> _WORK INSTRUCTION_
For the records below, please print exactly and only the lines from the one with "A6 C7 Carbon" down to the one with "STUDIO - Backless", both ends included, omitting the pictures.

(Scraped caption text data)
^^^^^^^^

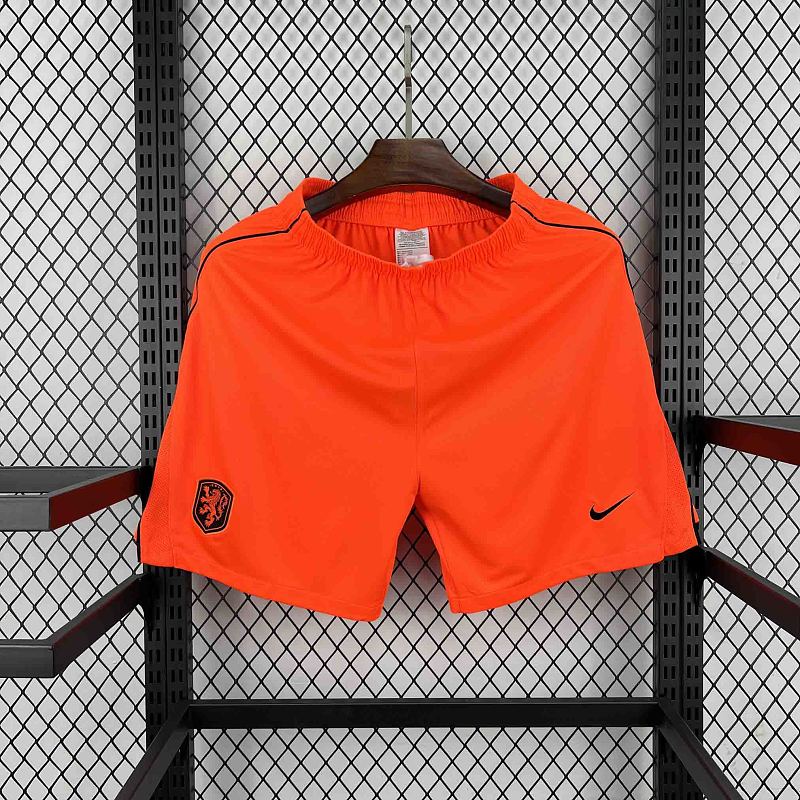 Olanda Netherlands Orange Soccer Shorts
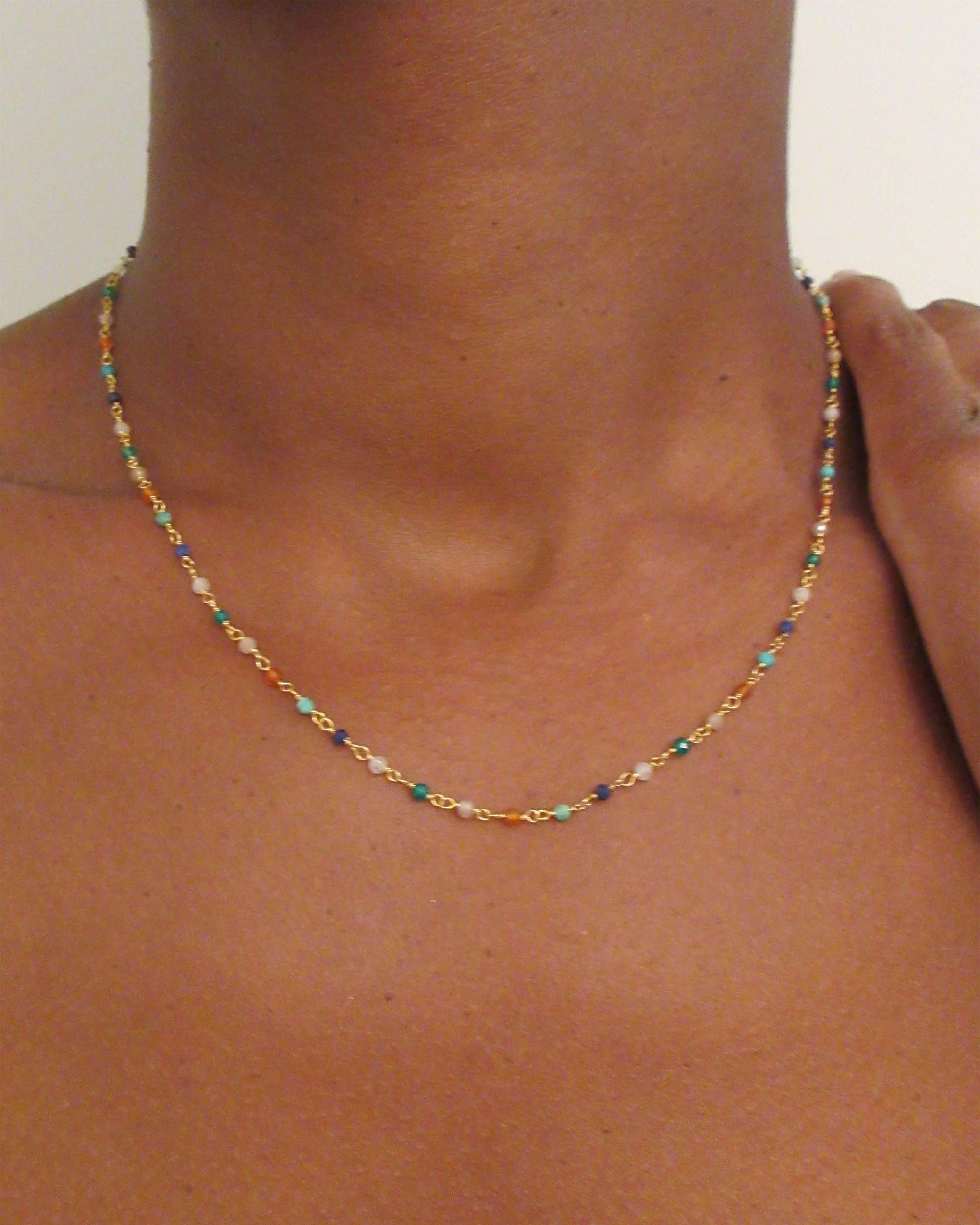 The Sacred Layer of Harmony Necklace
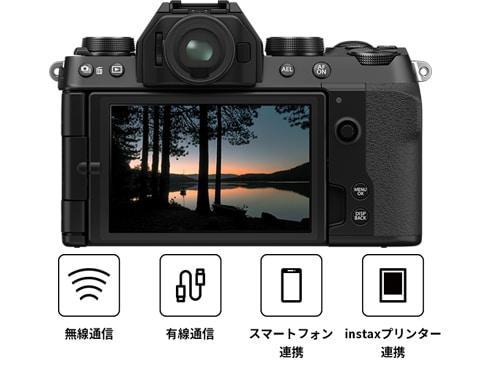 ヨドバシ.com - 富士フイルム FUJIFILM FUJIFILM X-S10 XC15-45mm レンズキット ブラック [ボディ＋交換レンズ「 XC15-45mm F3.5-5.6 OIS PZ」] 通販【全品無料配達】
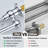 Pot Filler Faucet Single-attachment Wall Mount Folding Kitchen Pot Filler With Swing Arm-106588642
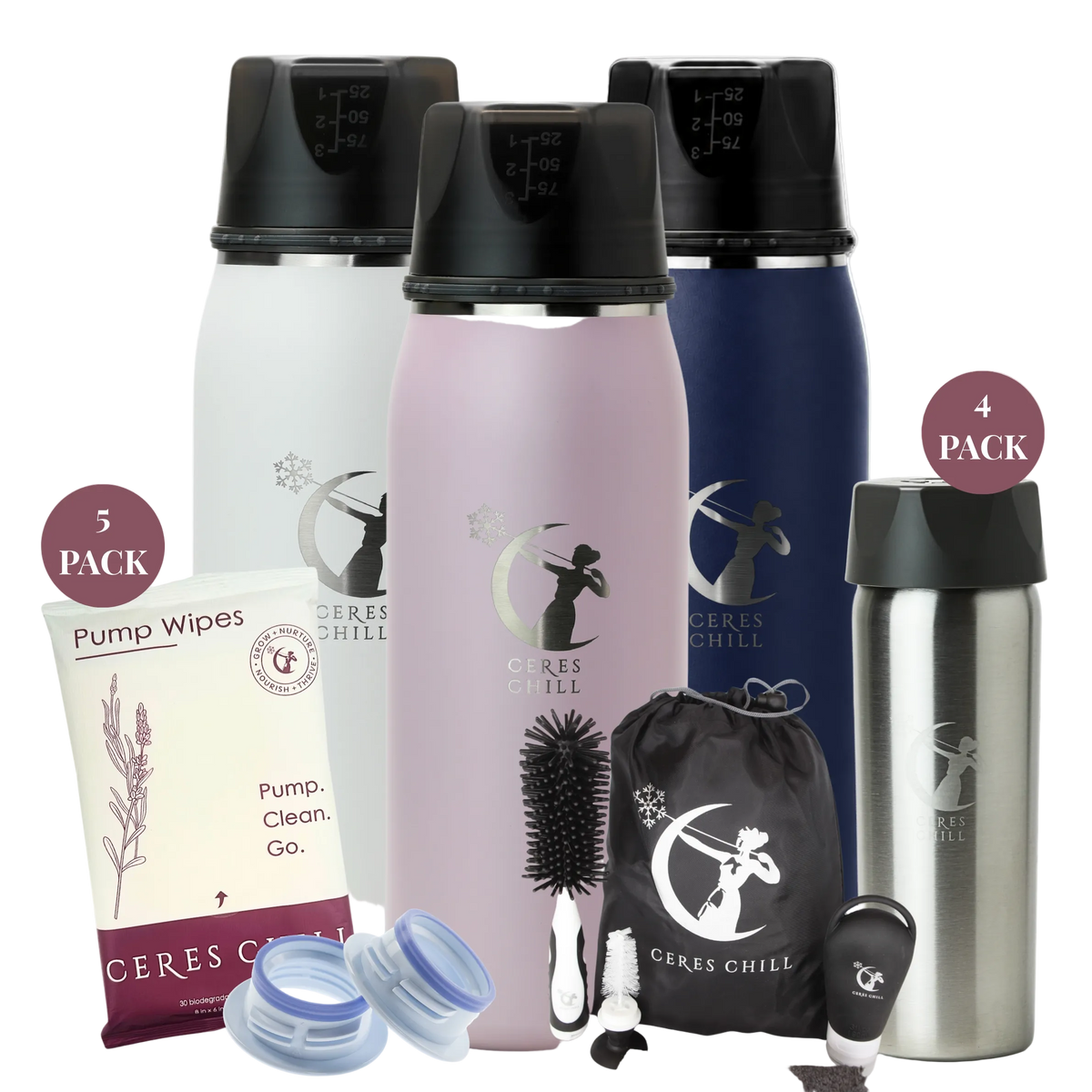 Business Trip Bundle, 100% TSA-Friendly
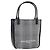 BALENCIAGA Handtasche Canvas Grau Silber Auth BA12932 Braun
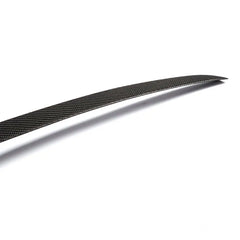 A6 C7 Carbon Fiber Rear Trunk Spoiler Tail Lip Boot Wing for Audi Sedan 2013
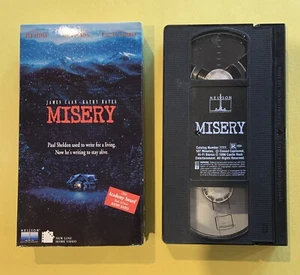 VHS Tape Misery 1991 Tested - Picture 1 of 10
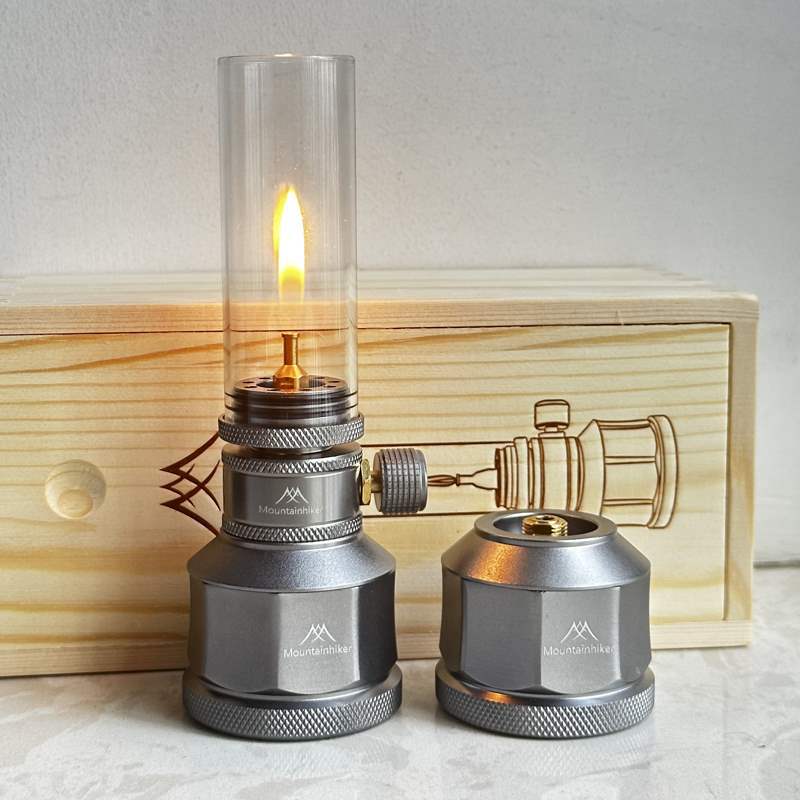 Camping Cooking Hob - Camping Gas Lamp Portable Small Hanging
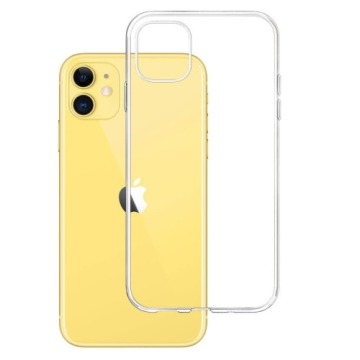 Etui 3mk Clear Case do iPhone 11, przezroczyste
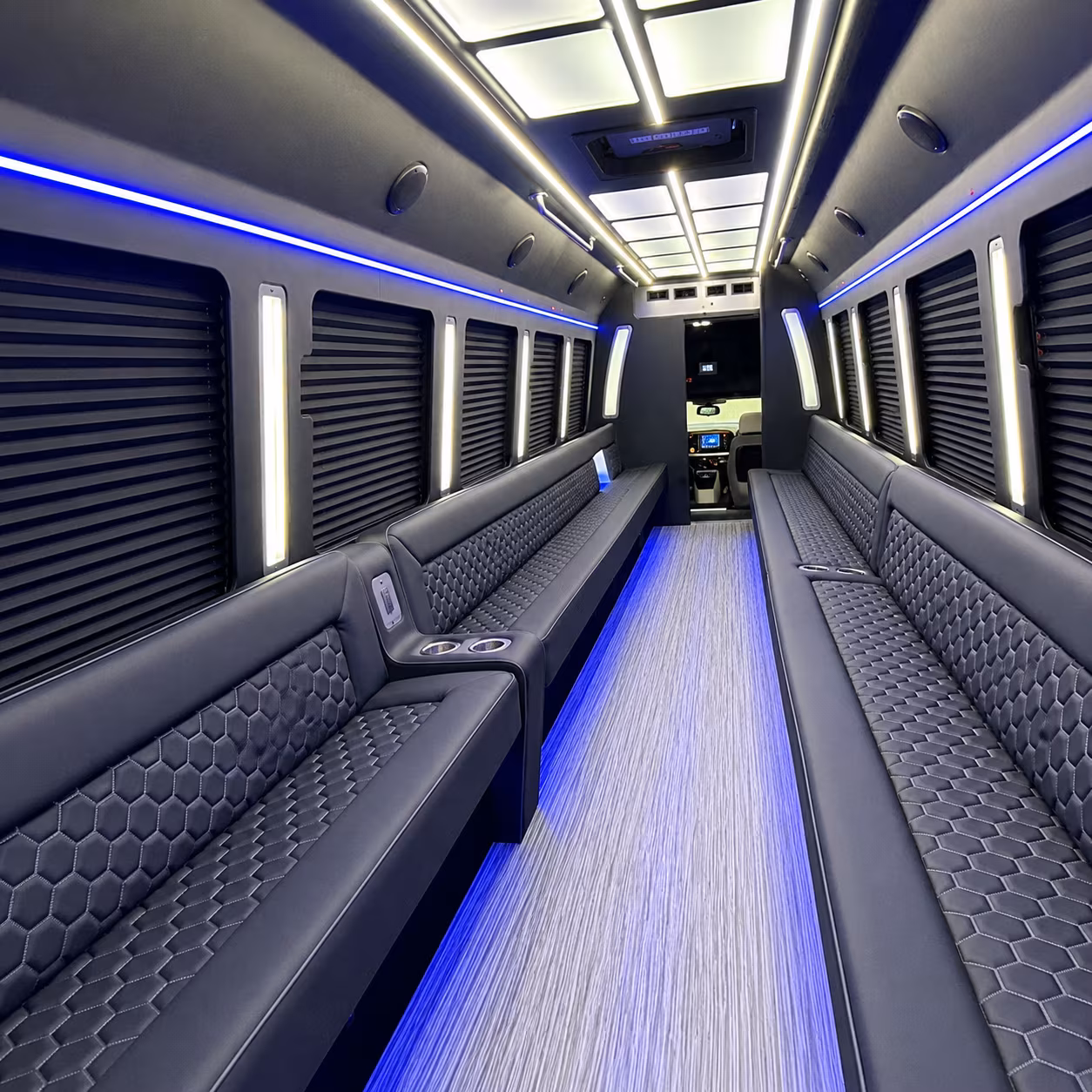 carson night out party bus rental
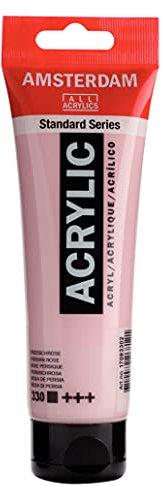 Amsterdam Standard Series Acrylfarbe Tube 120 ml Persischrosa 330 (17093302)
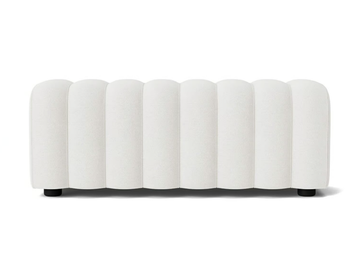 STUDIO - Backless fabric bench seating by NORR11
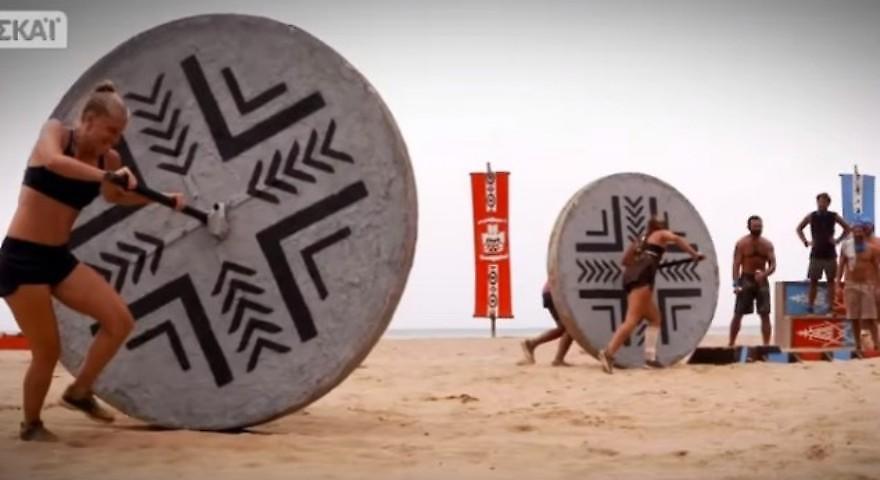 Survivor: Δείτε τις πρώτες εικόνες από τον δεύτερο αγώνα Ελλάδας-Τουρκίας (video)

^^^^^^^^

> _EXERCISE OUTPUT_
 A6 C7 Carbon Fiber Rear Trunk Spoiler Tail Lip Boot Wing for Audi Sedan 2013
 VHS Tape Misery 1991 Tested - Picture 1 of 10
 Camping Cooking Hob - Camping Gas Lamp Portable Small Hanging
 Etui 3mk Clear Case do iPhone 11, przezroczyste
 carson night out party bus rental
 Amsterdam Standard Series Acrylfarbe Tube 120 ml Persischrosa 330 (17093302)
 STUDIO - Backless fabric bench seating by NORR11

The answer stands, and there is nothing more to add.